• Exercise directions:
Your answer must be the exact lines of the listing below that run from the line with "Pipe Handling" to the line with "used 2020 GMC Canyon car, priced at $28,981", ends included, and no pictures.

• Data provided:
== Segment start ==

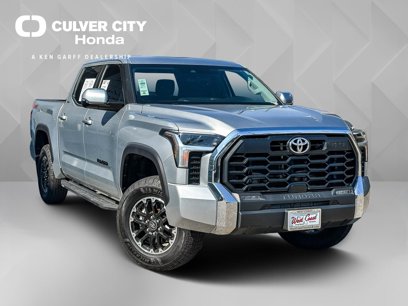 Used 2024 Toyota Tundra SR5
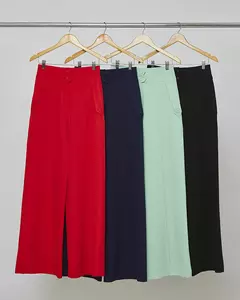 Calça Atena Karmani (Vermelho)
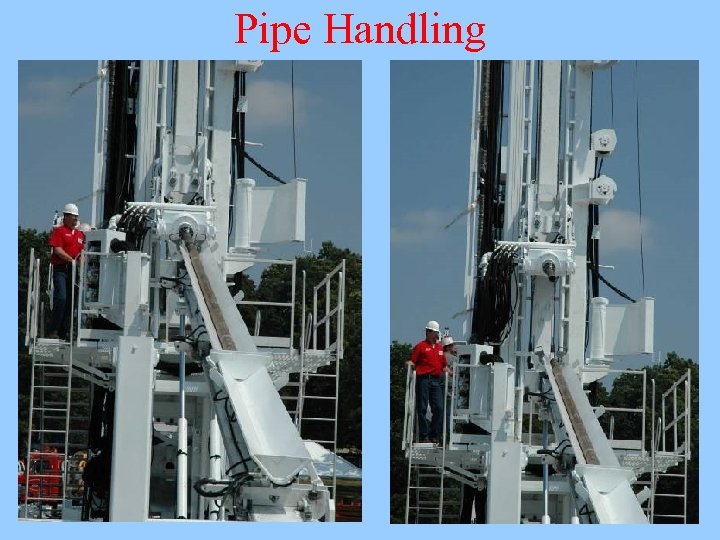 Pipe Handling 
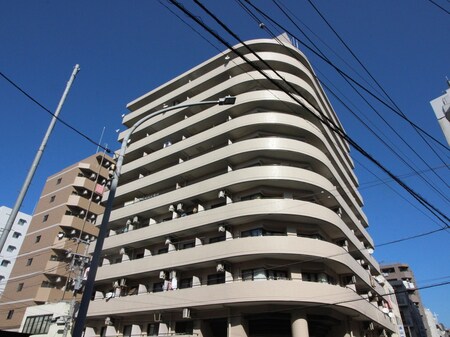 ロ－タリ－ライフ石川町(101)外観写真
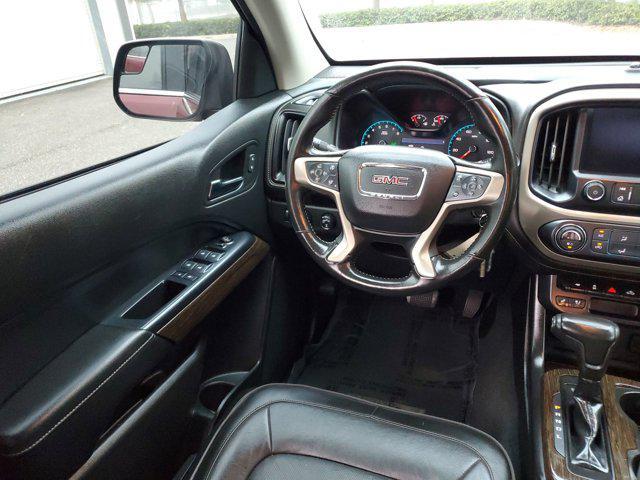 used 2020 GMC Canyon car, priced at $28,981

== Segment end ==
== Segment start ==

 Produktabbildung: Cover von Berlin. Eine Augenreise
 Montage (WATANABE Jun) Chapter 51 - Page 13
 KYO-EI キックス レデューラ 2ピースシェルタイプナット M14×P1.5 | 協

== Segment end ==
== Segment start ==

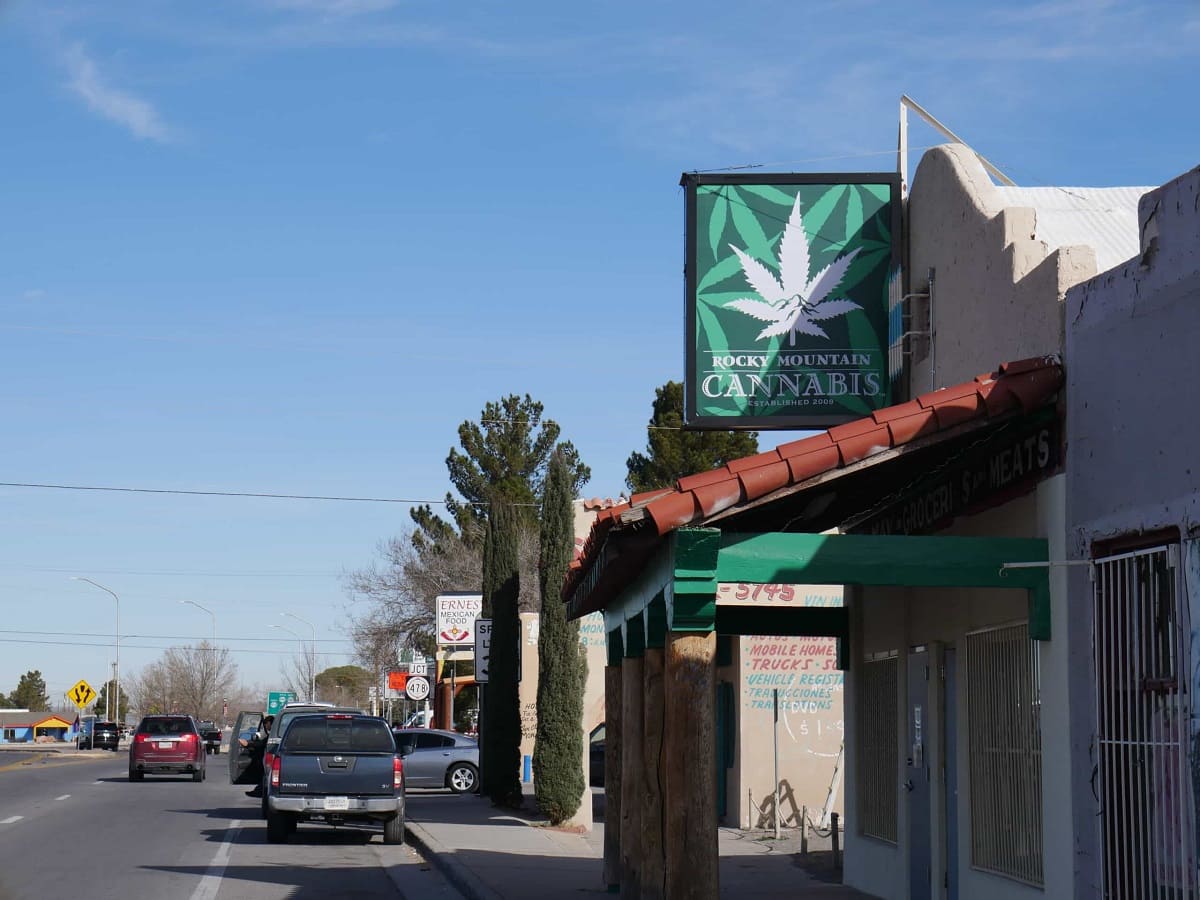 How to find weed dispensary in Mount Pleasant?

== Segment end ==

• Response:
 Pipe Handling 
 ロ－タリ－ライフ石川町(101)外観写真
 used 2020 GMC Canyon car, priced at $28,981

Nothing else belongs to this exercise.